The Chevalier Danceny to Cecilia Volanges

Before I give way, Miss, whether shall I call it, to the pleasure or necessity of writing to you, I begin by entreating you to hear me: I am sensible I stand in need of your indulgence, in daring to declare my sentiments for you; if they wanted only vindication, indulgence would be useless. Yet, after all, what am I about to do, but exhibit your own productions? I have nothing to say that my looks, my confusion, my conduct, and even my silence, have not already told you! Why should you be displeased with sentiments to which you have given birth? Proceeding from you, they certainly should be offered you; if they are as inflamed as my heart, they are as chaste as your own. Where is the crime to have discovered how to set a proper value on your charms, your bewitching qualifications, your enchanting graces, and that affecting ingenuousness which so much enhances such valuable accomplishments? No; undoubtedly there is not: but one may be unhappy, without being guilty, which must be my fate, should you refuse to accept a homage, the first my heart ever made. Were it not for you, I should still have been, if not happy, yet undisturbed. I saw you, and tranquillity fled my soul, and left my happiness uncertain!

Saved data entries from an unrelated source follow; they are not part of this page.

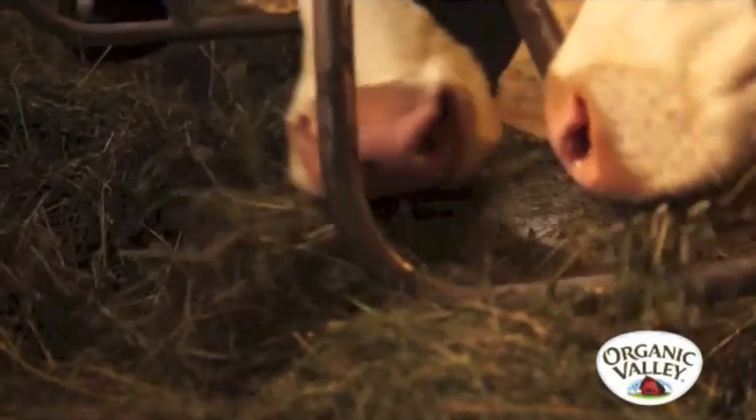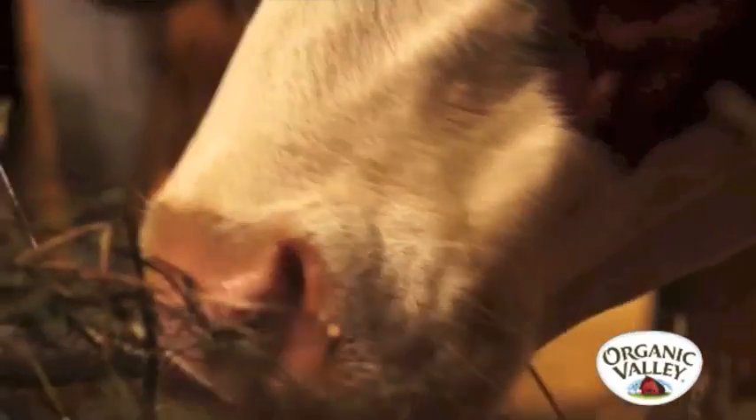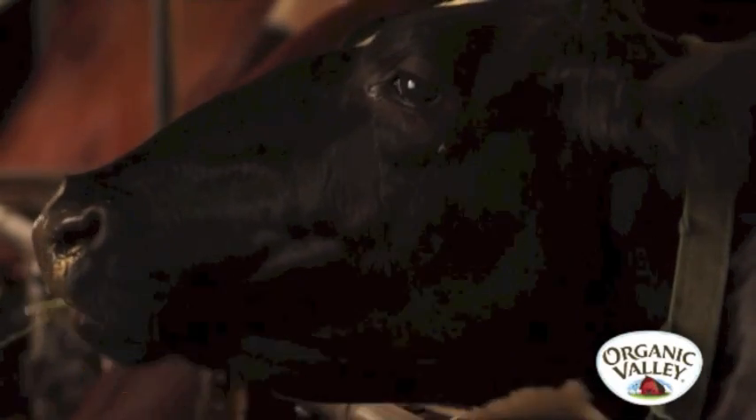Have you ever seen cows eat? The process is more complicated than you might think. The nose and mouth area on a cow is called the muzzle. Cows have 32 teeth, the same number as us humans. But cows don't have any top teeth. Instead, they crush food along their hard gum line.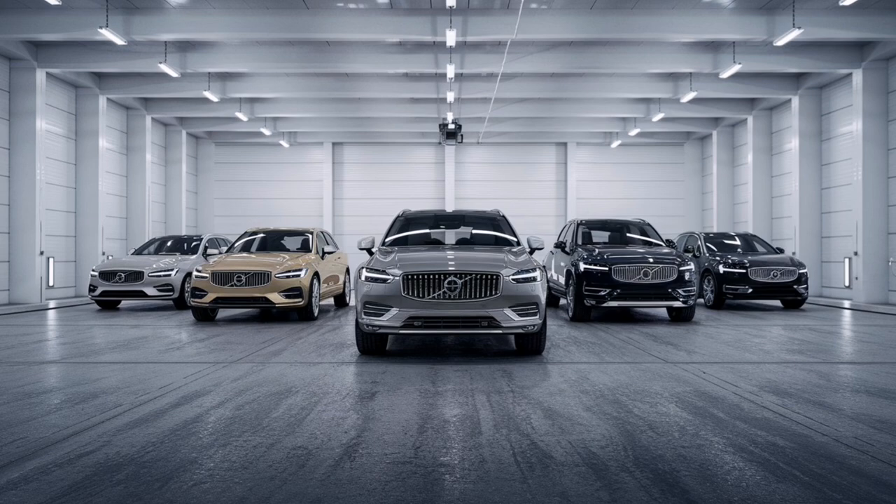We're basing our deep dive on an episode from a podcast called The Case, which really gets into the weeds on vehicle recalls. There's one that really stood out: NHTSA campaign number 24V788000, or R10289 internally at Volvo. It affects 291 Volvo hybrid vehicles from the 2020 model year — specifically the S60, V60, S90, XC60, and XC90.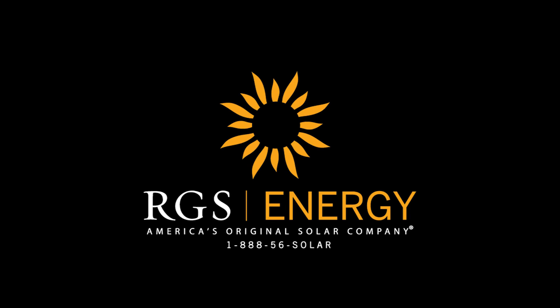Go with solar power. Save money and our environment for future generations. For more information, visit rgsenergy.com or call us at 888-56-SOLAR.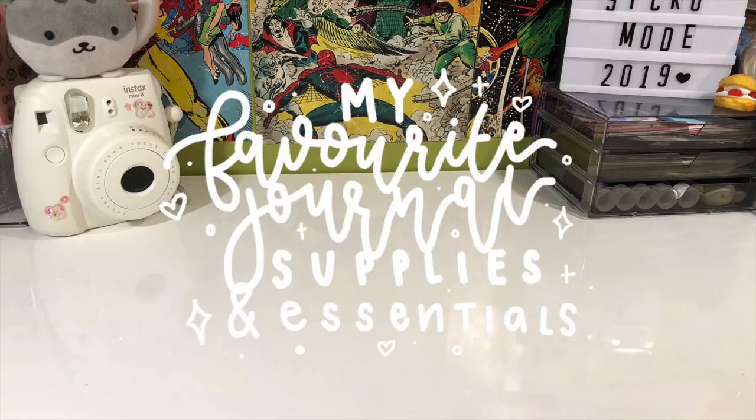Hey guys, so in today's video I'm going to be talking about my favorite journal supplies and essentials. I am by no means saying that you need to buy all of these supplies. I'm just showing you what I like to use in my journal and hopefully give you recommendations if ever you want to buy more supplies for your journal. Without further ado, let's get it.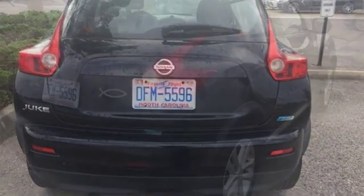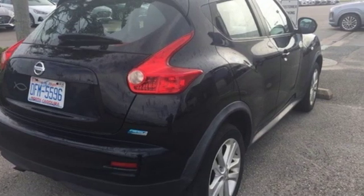Nissan, built for the human race. You need to drive it to believe it. See it for yourself today.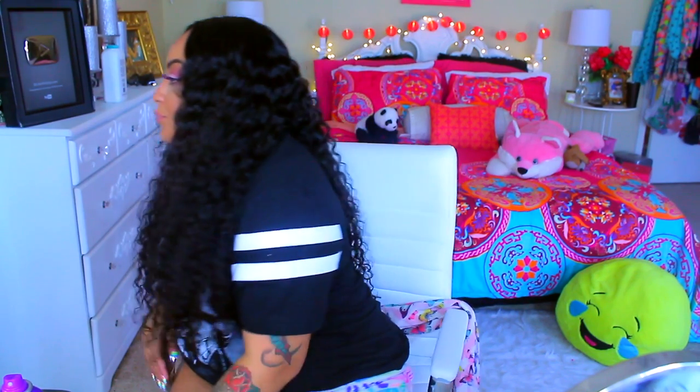It did shed when I washed it, but oh my god, this hair is gorgeous — like, do you see this? I feel so sexy. Girl, I'm feeling cute.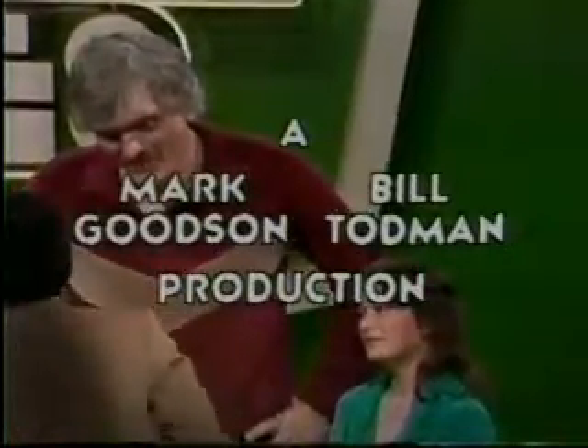This is Johnny Olson speaking for TattleTales, a Mark Goodson, Bill Todman production.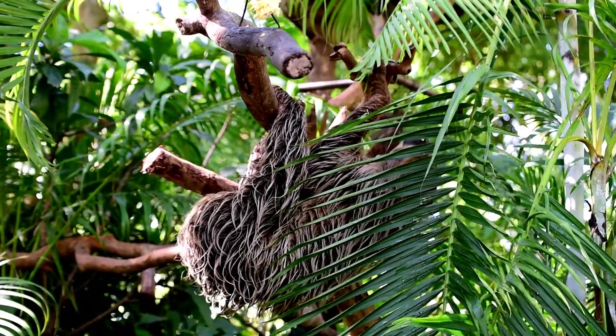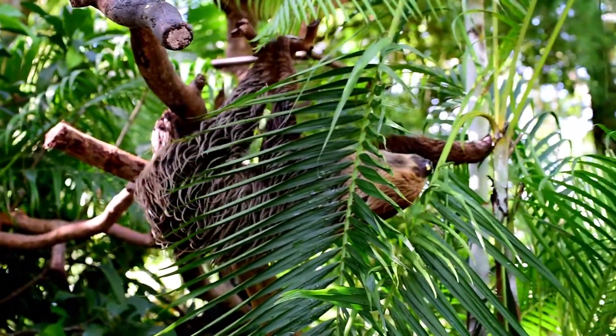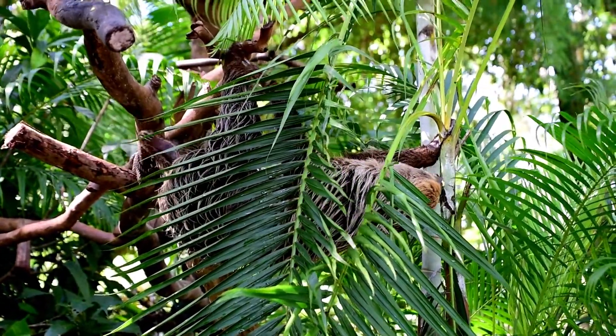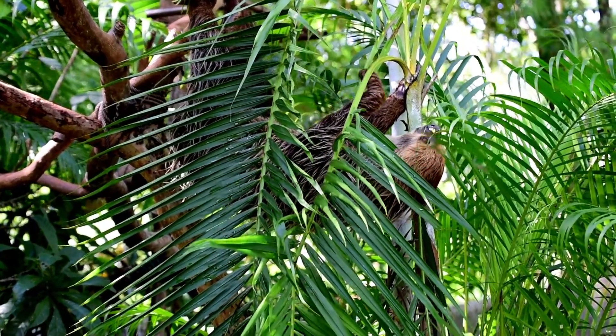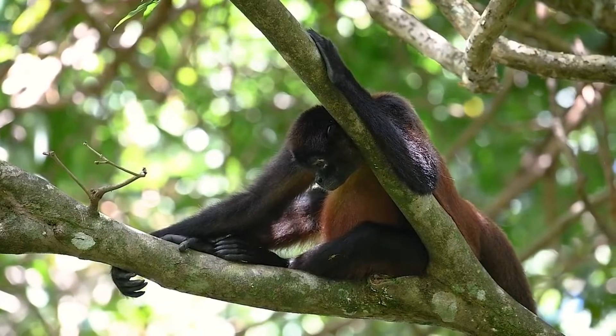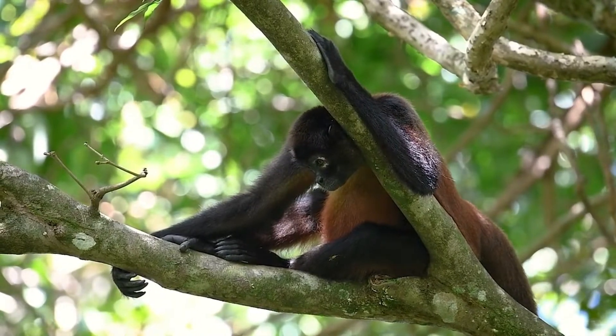Physiologically, sloths are heterothermic — that is, they have imperfect control over their body temperature. Normally ranging between 25 and 35 degrees Celsius, their body temperature may drop to as low as 20 degrees Celsius. At this temperature the animals become torpid.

And yet you seem to wonder at my grief, and demand the cause; I have even sometimes thought it gave you uneasiness. Ah, speak but the word, and my felicity will be complete! But before you pronounce it, remember it may also overwhelm me in misery. Be the arbitress of my fate, you can make me happy or miserable forever; into what dearer hands can I commit such a trust? I shall finish as I began, by imploring your indulgence; I have entreated you to hear me; I shall farther presume to beg an answer. If refused, I shall think you are offended; though my heart is witness, my respect equals my love.